And if there wasn't magic in the game system and monsters had all of the abilities of PCs, this math might mean something.
My proof for this is 4E.
Fights aren't fair. Ever. PCs always have a huge advantage.
If one carefully looks at most above same level 4E encounters, they'll notice something. The NPCs often get the upper hand in the first few rounds. A few PCs are bloodied. Multiple PCs have effects on them. Things look dire. But slowly, the PCs start evening the odds and eventually, they start ripping through the encounter. Why is this if the PCs are losing in round one, that they win in round six?
Although one or sometimes even two PCs might be knocked unconscious in an encounter (although most encounters, no PCs are knocked unconscious), they almost always get back up. The monsters almost never get back up.
The three things that cause this to happen are:
1) Options. PCs tend to have a lot of options. Monsters have only a few. Each player can decide in each situation whether to pull out a big gun, or if a lesser gun will work. Monsters don't have this option too much. They might get one or two Encounter (read Daily cause the monster is not coming back) powers, but once their wad is shot, they're done.
2) Healing. PCs often have quite a bit of this. Parties without Leaders aren't completely screwed (they still have #1 and #3), but parties with Leaders just wipe through encounters. Not at the start of the encounter, but part way through. Monsters rarely have healing, so once a monster is down, it typically stays down forever.
3) Action Points. PCs already have a "get out of jail card" free option. They get to focus an additional attack when needed. The vast majority of monsters do not have action points.

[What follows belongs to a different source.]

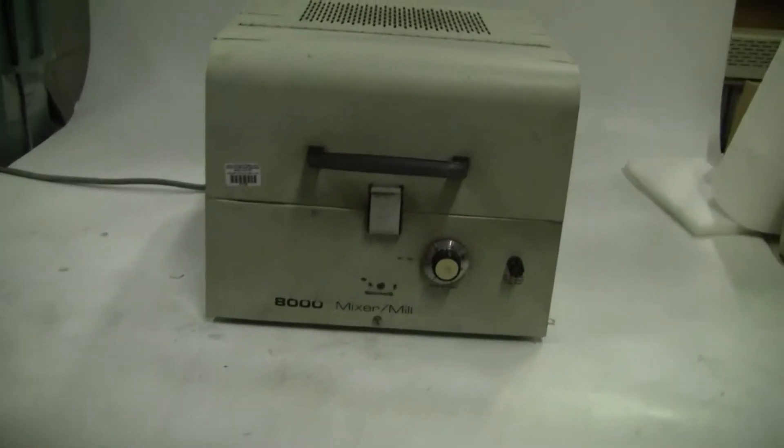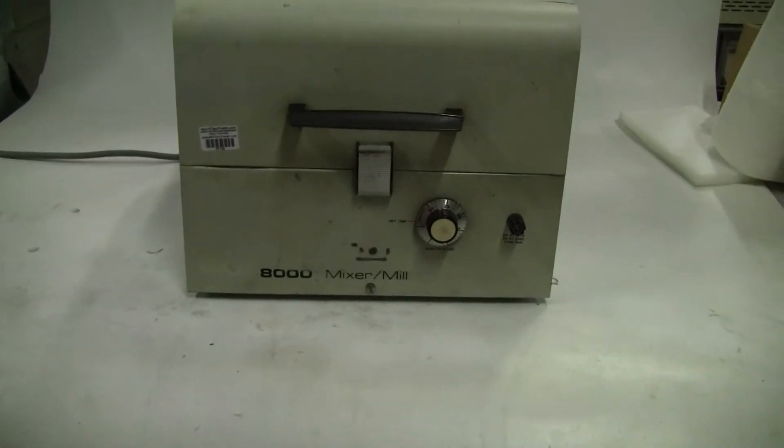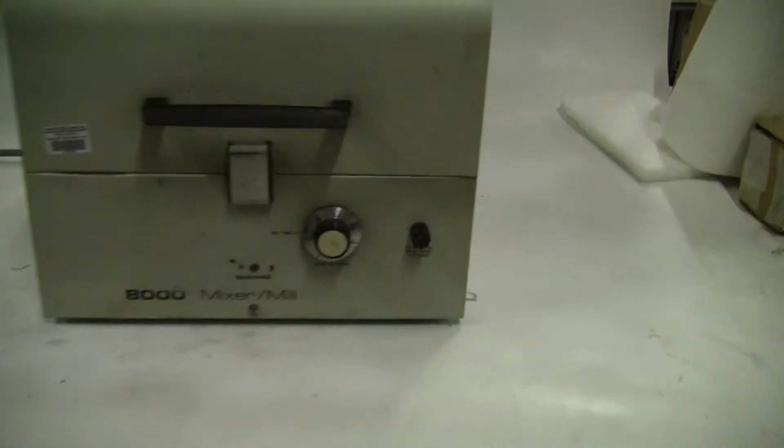Hi, this is Jim from HitekTrader. Today we're looking at a Spex 8000 mixer mill, model 8000-115. It's got a 30 minute timer on it. It's 115 volts. Let's look inside.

So if the PCs get 5 attacks in round one and the NPCs get 5 attacks in round one, the PCs are still doing 5 attacks in round six whereas the monsters are done to 1 or 2 attacks at that point.
By definition, the PCs win. This is how the game is designed to work so that PCs can be heroes that get past level 3. These are the reasons that PCs can take on an encounter 4 levels higher than the group and win. But when an encounter gets to 5 levels or 6 levels higher, it starts becoming really dicey (and even 4 levels higher is often a real challenge).

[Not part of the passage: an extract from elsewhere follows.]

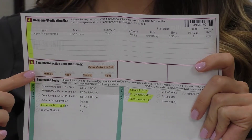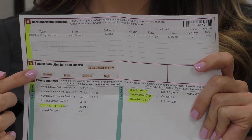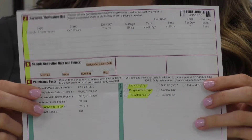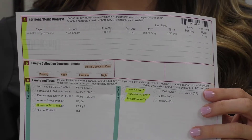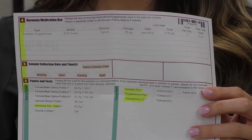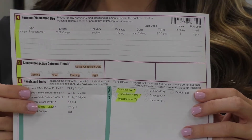Then underneath in this section is when you take your sample of saliva — you're going to put the date and the time that you take that sample. In this category down here, we're going to be selecting what hormones we're testing through the saliva sample, so it could be all three — estrogen, testosterone, and progesterone — or we could select the individual samples as well.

So, I opine that the rationale for adding more "get out of jail free" abilities to the game system is flawed. It's not a straight up math problem. PCs have healing and PCs have many more options than monsters, hence, they win. They don't need even more ways to win. The 4E game system is already extremely easy unless the PCs have run out of Daily resources (powers and/or healing surges).
I don't see the problem with any of this. The 4e design is deliberately meant to create a sense of urgency and danger, then allow the players to solve the problem of being behind the curve by properly employing their "dig myself out of a hole" abilities. That's what makes an interesting and fun encounter. The monsters come rocking in with their encounter powers and maybe APs, throw the party back on its left foot, and then make the players think. If the players can't effectively dig up ways to respond or they are pushed too far down the curve then they can be TPKed, but the system is pretty good about that not happening, mainly because monster's at-will attacks are generally enough below the curve that it gives the party room to work with after the DM launches his initial alpha strike.

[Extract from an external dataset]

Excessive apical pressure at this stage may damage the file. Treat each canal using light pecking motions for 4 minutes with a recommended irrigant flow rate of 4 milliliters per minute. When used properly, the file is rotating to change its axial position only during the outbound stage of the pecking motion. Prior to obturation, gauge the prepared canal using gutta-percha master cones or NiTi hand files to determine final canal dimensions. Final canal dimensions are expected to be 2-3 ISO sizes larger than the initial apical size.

I don't think monster healing is a generally good idea. It tends to make things tedious and works against the whole model with really very little gained. The better model is again the one that 4e actually follows, which is to give the monsters some buffs or debuffs which let the DM employ some tactics without undoing encounter progress. Truthfully once the monsters rock the PCs back the best thing is for them to die reasonably quickly once the players get back on their feet.
One way to reinject some tension in the later part of an encounter is to introduce some sort of timer. Recharge powers do this to some extent, and recharge on bloodied more explicitly. There could be some more interesting possibilities with say some monsters that could recover powers after N rounds or something like that. I'd have to say though that often this kind of thing is best incorporated into encounter design rather than monster stat blocks (and is a good reason for having wave encounters or other dynamic encounter setups).
Finally, the 'negate an attack chit' idea isn't meant to be piled on top of the 4e model. It would be useful in the "much lower hit point advancement" model, and primarily because it would effectively represent 'more hit points' without number inflation. It also breaks from the to-hit/defense divergence enough to give PCs a wider level range of opponents they can take on. It would largely REPLACE some degree of existing recovery mechanics. The model would be that the monsters would have a more steady damage output. Instead of being front loaded they would do dangerous damage all encounter. The PCs would show up, take some hits, negate them, strike back, and then start to actually be HURT. This would shift the question of when the encounter is in doubt more to the later rounds, but make the danger apparent right up front. Smart players would try to use their chits optimally but at least that would imply they take some damage right off. This could be a complex decision to make since damage no longer has to be trivial to heal.